We know that wine is very old. The first thing Noah did after he landed on Mount Ararat and the waters subsided was to plant a vine and make wine. Move on a few millennia and we have Joseph in jail with the baker and the wine pourer (sommelier) of the Pharaoh. There are many other Biblical accounts on the use and importance of wine and it is so suitable then that the earliest wine makers to meticulously document their art, were the monks toiling the lands of the monasteries and making really good wine that they eventually sold. We know the weaving industry is very old, from textiles to carpets. The nomads needed tents, bedding and clothing and weaving was developed to fulfil these needs.
What then make these two cultures survive through time?
Well, it is exactly TIME that gives it its longevity. Few items become better with time and these two cultures produce exactly such products that can only really be appreciated with the passing of time. There is some magical alchemy that happens when the grape leaves the vineyard and enters the barrel. The process of fermentation with the help of time transforms it into a liquid that captures the aromas and energies of the place in which it grows and ages. The same magical alchemy happens when the weaver takes each strain of meticulously dyed wool to create a whole masterpiece with each woven knot and it is only with the passing of time that the colours will settle into the intended colouring of the wool dyer.
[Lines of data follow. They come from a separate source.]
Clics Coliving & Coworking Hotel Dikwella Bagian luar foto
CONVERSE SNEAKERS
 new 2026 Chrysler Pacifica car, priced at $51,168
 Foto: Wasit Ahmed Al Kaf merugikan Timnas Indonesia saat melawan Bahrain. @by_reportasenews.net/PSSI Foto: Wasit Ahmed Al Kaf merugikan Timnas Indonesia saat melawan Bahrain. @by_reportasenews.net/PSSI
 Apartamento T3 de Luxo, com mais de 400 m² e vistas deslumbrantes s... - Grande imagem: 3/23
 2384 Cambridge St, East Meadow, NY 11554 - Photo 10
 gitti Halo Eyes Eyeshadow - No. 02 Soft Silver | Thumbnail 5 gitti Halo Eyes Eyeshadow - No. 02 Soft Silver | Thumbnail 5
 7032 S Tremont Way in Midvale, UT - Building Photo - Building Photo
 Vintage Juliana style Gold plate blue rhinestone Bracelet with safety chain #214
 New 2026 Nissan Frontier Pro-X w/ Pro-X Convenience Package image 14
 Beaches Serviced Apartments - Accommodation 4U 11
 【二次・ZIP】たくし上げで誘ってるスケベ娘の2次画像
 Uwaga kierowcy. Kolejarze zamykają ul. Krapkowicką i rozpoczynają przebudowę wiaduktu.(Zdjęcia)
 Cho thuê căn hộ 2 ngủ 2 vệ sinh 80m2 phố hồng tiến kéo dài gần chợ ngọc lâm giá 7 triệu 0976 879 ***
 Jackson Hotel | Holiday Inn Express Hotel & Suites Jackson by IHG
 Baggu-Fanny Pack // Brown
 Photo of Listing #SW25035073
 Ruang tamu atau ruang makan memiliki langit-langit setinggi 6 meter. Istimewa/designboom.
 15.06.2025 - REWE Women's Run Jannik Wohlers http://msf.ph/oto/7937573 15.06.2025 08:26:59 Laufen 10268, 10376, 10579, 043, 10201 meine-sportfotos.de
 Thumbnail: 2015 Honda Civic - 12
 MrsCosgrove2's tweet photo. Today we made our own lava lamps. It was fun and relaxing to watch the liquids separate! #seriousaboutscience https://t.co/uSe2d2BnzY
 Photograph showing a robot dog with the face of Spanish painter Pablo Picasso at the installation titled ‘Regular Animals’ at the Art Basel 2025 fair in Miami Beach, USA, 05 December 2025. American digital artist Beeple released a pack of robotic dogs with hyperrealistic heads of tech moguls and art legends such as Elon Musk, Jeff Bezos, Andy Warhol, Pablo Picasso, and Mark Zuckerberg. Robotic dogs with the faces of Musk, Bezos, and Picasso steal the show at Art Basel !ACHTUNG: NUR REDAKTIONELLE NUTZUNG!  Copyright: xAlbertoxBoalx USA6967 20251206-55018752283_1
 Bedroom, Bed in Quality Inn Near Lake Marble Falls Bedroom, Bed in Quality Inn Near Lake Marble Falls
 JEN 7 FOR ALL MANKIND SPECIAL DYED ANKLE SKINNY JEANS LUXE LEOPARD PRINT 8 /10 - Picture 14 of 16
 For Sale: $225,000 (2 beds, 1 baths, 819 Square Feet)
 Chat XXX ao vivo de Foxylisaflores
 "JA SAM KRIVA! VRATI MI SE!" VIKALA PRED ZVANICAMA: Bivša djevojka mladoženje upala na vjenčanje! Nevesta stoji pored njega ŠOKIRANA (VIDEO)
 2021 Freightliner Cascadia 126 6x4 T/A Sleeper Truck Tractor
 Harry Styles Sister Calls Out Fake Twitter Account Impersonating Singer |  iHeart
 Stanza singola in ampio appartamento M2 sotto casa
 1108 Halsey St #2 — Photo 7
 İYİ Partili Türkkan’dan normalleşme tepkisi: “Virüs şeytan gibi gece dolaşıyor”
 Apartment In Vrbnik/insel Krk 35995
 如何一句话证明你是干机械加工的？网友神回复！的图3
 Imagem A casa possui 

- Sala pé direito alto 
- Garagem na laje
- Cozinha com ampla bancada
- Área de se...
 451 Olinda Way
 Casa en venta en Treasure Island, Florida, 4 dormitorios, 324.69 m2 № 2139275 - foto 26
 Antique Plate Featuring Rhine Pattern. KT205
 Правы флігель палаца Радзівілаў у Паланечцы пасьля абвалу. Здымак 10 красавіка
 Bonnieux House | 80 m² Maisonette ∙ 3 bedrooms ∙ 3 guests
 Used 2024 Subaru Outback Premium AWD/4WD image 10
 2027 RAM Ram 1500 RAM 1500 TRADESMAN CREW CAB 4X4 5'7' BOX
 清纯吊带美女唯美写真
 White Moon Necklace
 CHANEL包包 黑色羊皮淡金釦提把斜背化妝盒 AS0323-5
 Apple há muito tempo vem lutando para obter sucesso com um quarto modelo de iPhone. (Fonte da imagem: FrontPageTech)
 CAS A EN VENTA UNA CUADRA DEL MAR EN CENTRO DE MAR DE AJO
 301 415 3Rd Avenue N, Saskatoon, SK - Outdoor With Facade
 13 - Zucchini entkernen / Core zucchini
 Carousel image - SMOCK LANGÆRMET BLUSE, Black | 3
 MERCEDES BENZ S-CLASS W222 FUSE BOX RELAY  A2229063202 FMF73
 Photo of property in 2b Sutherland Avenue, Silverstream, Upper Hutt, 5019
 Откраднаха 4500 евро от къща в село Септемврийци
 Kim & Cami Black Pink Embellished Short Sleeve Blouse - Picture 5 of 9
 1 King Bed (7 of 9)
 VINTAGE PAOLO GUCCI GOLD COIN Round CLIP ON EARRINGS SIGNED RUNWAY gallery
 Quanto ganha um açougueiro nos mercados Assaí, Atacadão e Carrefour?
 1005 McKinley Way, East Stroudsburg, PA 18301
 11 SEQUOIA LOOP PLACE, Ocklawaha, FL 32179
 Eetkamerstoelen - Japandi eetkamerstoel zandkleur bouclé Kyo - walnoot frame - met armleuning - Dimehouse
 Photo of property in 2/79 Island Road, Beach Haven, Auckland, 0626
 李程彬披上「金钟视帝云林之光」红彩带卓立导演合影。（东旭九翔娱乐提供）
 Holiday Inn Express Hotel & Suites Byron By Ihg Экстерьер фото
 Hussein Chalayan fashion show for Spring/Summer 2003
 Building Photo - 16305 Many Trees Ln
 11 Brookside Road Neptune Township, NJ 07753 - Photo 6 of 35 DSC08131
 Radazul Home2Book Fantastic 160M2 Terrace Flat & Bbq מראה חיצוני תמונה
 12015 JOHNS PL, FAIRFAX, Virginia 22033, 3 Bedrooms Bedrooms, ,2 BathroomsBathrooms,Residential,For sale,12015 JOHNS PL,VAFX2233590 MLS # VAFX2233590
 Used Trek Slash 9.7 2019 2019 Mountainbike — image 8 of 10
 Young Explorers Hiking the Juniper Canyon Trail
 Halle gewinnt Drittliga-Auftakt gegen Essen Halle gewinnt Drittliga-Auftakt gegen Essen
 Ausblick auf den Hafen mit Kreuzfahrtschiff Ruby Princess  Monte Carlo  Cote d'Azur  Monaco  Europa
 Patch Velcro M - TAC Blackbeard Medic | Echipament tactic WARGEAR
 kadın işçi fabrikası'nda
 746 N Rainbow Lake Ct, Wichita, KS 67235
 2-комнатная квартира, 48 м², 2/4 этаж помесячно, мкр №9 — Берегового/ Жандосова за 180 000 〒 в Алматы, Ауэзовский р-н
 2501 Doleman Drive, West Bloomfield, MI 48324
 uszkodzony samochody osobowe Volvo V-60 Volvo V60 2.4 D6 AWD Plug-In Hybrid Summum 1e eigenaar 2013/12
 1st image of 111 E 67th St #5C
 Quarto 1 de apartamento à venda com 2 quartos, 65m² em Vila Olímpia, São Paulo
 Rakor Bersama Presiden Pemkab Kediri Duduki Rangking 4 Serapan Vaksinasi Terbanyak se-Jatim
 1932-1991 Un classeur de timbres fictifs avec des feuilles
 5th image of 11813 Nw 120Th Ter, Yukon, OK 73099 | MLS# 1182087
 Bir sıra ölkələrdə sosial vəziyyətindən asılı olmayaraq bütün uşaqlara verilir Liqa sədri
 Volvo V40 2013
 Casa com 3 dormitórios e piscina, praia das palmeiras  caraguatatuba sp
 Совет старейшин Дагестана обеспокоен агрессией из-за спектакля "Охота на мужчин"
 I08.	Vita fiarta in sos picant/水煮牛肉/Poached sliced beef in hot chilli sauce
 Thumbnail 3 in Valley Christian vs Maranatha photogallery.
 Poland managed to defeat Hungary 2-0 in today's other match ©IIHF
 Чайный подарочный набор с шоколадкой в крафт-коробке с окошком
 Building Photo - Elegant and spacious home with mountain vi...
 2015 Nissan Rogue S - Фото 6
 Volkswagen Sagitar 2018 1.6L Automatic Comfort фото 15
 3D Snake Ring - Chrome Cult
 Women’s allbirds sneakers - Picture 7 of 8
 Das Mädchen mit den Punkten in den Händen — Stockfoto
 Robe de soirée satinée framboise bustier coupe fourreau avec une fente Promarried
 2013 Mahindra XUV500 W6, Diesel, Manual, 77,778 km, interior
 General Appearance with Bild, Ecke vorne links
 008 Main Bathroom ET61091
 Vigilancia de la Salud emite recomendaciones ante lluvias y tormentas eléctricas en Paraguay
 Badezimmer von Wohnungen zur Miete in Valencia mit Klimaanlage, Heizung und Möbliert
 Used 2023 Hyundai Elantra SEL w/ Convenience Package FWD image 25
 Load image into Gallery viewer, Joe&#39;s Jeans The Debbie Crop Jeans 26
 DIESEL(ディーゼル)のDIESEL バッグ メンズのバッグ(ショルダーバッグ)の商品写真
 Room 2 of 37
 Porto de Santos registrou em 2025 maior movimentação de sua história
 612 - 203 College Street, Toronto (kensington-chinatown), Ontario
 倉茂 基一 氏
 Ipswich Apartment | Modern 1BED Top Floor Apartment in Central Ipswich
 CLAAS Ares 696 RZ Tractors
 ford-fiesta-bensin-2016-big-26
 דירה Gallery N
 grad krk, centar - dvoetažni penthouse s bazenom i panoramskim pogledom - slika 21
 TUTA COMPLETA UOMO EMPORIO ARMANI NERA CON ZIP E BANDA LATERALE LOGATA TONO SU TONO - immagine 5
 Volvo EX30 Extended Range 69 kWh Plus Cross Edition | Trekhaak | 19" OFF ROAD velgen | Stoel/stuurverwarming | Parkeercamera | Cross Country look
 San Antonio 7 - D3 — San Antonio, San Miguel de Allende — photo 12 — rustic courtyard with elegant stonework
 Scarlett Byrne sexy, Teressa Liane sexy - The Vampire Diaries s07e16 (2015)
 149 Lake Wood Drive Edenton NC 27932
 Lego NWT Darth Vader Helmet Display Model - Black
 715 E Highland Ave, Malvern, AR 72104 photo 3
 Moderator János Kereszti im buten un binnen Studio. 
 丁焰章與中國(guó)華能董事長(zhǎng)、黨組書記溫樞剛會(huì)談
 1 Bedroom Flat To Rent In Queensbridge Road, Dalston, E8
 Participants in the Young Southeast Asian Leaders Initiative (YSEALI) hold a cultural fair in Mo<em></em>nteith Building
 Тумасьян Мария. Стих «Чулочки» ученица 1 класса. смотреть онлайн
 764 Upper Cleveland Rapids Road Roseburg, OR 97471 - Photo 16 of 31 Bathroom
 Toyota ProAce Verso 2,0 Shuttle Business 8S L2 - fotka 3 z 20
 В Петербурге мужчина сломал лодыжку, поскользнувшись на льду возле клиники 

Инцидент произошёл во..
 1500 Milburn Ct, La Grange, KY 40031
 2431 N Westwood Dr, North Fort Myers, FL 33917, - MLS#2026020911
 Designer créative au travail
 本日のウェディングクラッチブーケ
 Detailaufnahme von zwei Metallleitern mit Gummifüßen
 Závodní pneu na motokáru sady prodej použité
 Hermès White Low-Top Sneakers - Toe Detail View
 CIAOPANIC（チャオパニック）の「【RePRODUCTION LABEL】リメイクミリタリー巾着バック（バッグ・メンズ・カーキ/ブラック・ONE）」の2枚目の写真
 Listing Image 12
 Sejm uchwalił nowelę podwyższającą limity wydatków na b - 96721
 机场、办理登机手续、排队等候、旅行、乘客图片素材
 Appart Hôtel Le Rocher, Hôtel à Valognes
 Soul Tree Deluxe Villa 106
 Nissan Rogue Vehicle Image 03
If you could ever have a picture made of what a good old wine tastes like, there is no doubt that a Persian carpet would be it. The complexity of colour and design matches the complexity of flavours and aromas in a wine. Just as every bottle of wine holds its little secrets in the flavours, a Persian carpets holds its little secrets in the woven pattern that can be read like an old manuscript by those who know the language. The great difference between them is that when you open that bottle of wine and drank it, the taste and flavours can only live on in your memory; but a Persian carpet can be felt and touched and looked at for generations.
It seems as if an invisible power helps both these cultures survive and evolve through wars, invasions and changes of mankind, sometimes even pushed to the brink of extinction. That is possibly its’ greatest magic: that the people who make it come and go, but the art of transforming a grape into wine and wool into a Persian carpet survives from generation to generation, thanks to the farmers and weavers who pass on their skills. It links past with present, it transports us back to that exact moment when the wine maker dreamed of what this wine would become and the weaver envisioned cutting his completed carpet off the loom. Once the bug has bitten you, you will never get enough of either. The thirst for knowledge on it and the almost quasi-religious experience both gives you is what eventually turns a consumer into a collector, and a collector into a treasurer.